**Stored data**
++++++++++

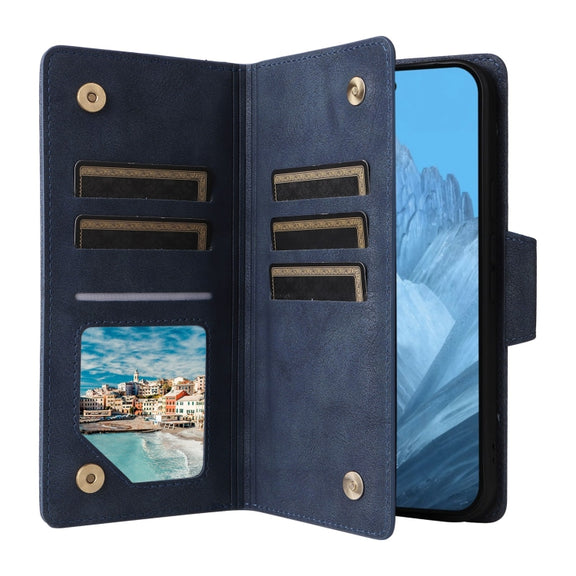 For Google Pixel 9 Rivet Buckle 9 Cards Three Fold Leather Phone Case(Blue)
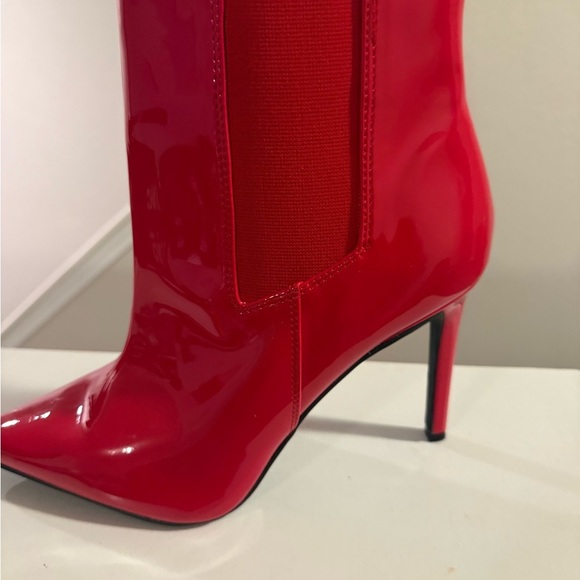 INC Womens Red Comfort Goring Katalina Pointed Toe Stiletto Zip-Up Booties 10.5 - Picture 10 of 12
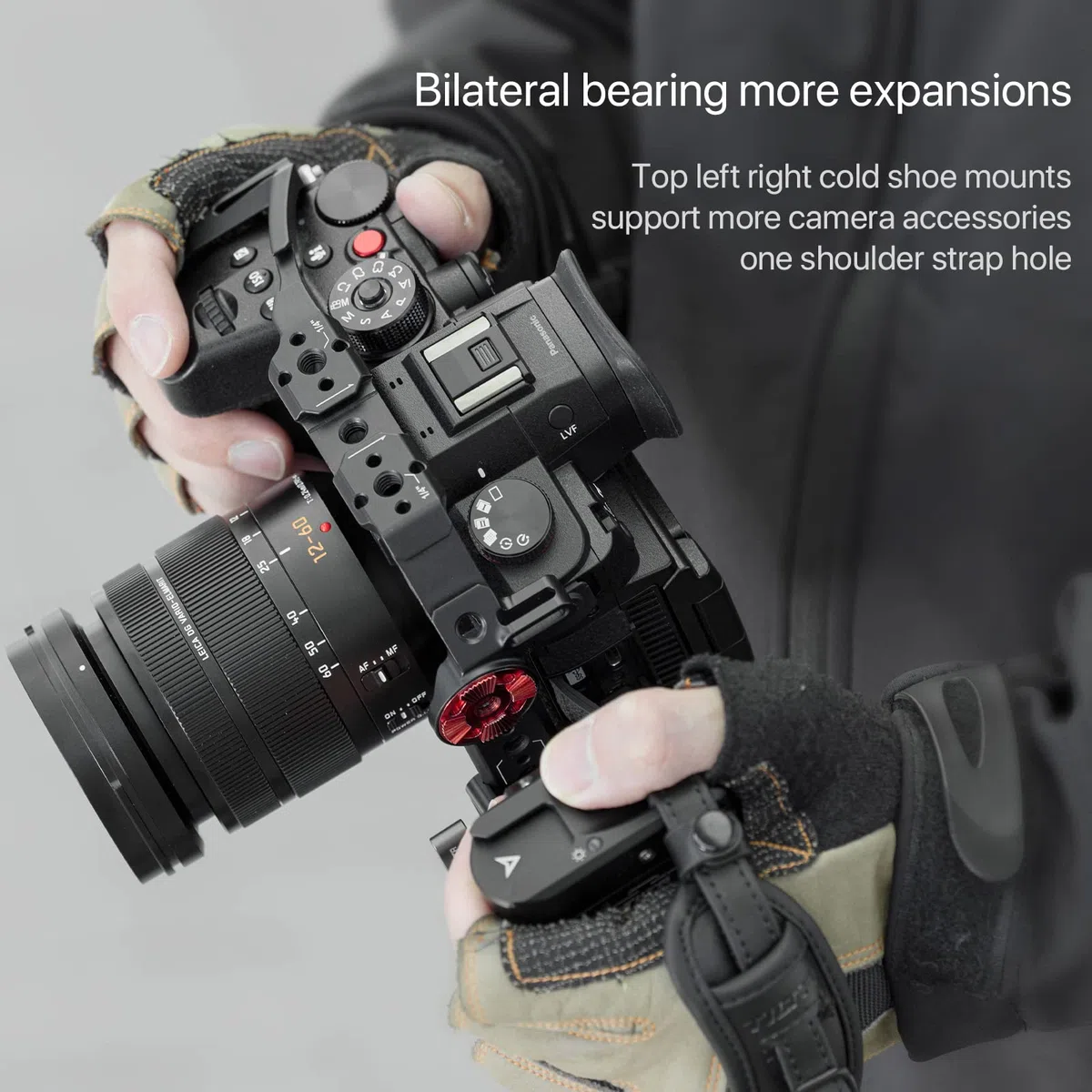 TILTA Gabbia completa per fotocamera compatibile con Panasonic GH6 GH7 con piastra inferiore, gabbia video per fotocamera Kit per la realizzazione di film TA-T15-FCC-B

++++++++++

**Problem details**
Everything in the material above is to be reproduced exactly, pictures aside.

**Output below**
 For Google Pixel 9 Rivet Buckle 9 Cards Three Fold Leather Phone Case(Blue)
 INC Womens Red Comfort Goring Katalina Pointed Toe Stiletto Zip-Up Booties 10.5 - Picture 10 of 12
 TILTA Gabbia completa per fotocamera compatibile con Panasonic GH6 GH7 con piastra inferiore, gabbia video per fotocamera Kit per la realizzazione di film TA-T15-FCC-B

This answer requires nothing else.